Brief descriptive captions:
===============
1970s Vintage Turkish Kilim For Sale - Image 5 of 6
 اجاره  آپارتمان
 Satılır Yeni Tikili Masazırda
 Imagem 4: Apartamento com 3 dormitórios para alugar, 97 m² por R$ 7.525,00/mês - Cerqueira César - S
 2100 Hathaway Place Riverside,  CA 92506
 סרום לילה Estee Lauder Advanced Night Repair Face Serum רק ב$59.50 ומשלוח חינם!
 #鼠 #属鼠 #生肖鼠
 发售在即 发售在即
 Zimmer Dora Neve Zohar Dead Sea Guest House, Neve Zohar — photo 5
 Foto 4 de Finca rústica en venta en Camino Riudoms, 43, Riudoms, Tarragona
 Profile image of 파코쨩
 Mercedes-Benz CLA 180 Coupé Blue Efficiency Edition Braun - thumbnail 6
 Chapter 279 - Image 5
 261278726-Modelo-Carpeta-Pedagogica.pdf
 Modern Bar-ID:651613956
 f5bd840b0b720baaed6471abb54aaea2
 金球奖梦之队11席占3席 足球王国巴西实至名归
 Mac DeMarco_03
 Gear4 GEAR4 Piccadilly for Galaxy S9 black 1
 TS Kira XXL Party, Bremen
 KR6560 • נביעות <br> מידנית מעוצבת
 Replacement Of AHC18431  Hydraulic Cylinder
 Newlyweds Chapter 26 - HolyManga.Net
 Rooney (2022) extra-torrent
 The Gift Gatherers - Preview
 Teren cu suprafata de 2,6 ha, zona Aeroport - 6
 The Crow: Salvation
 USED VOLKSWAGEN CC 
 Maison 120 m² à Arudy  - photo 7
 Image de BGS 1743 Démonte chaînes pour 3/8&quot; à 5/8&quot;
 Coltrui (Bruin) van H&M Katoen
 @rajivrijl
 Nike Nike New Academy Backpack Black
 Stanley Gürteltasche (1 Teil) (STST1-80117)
===============
→ What is being asked: Retype only the stretch of lines above starting at the one with "Foto 4 de Finca" and stopping at the one with "Maison 120 m²", exactly as written, with both kept.

→ Solution for this problem:
 Foto 4 de Finca rústica en venta en Camino Riudoms, 43, Riudoms, Tarragona
 Profile image of 파코쨩
 Mercedes-Benz CLA 180 Coupé Blue Efficiency Edition Braun - thumbnail 6
 Chapter 279 - Image 5
 261278726-Modelo-Carpeta-Pedagogica.pdf
 Modern Bar-ID:651613956
 f5bd840b0b720baaed6471abb54aaea2
 金球奖梦之队11席占3席 足球王国巴西实至名归
 Mac DeMarco_03
 Gear4 GEAR4 Piccadilly for Galaxy S9 black 1
 TS Kira XXL Party, Bremen
 KR6560 • נביעות <br> מידנית מעוצבת
 Replacement Of AHC18431  Hydraulic Cylinder
 Newlyweds Chapter 26 - HolyManga.Net
 Rooney (2022) extra-torrent
 The Gift Gatherers - Preview
 Teren cu suprafata de 2,6 ha, zona Aeroport - 6
 The Crow: Salvation
 USED VOLKSWAGEN CC 
 Maison 120 m² à Arudy  - photo 7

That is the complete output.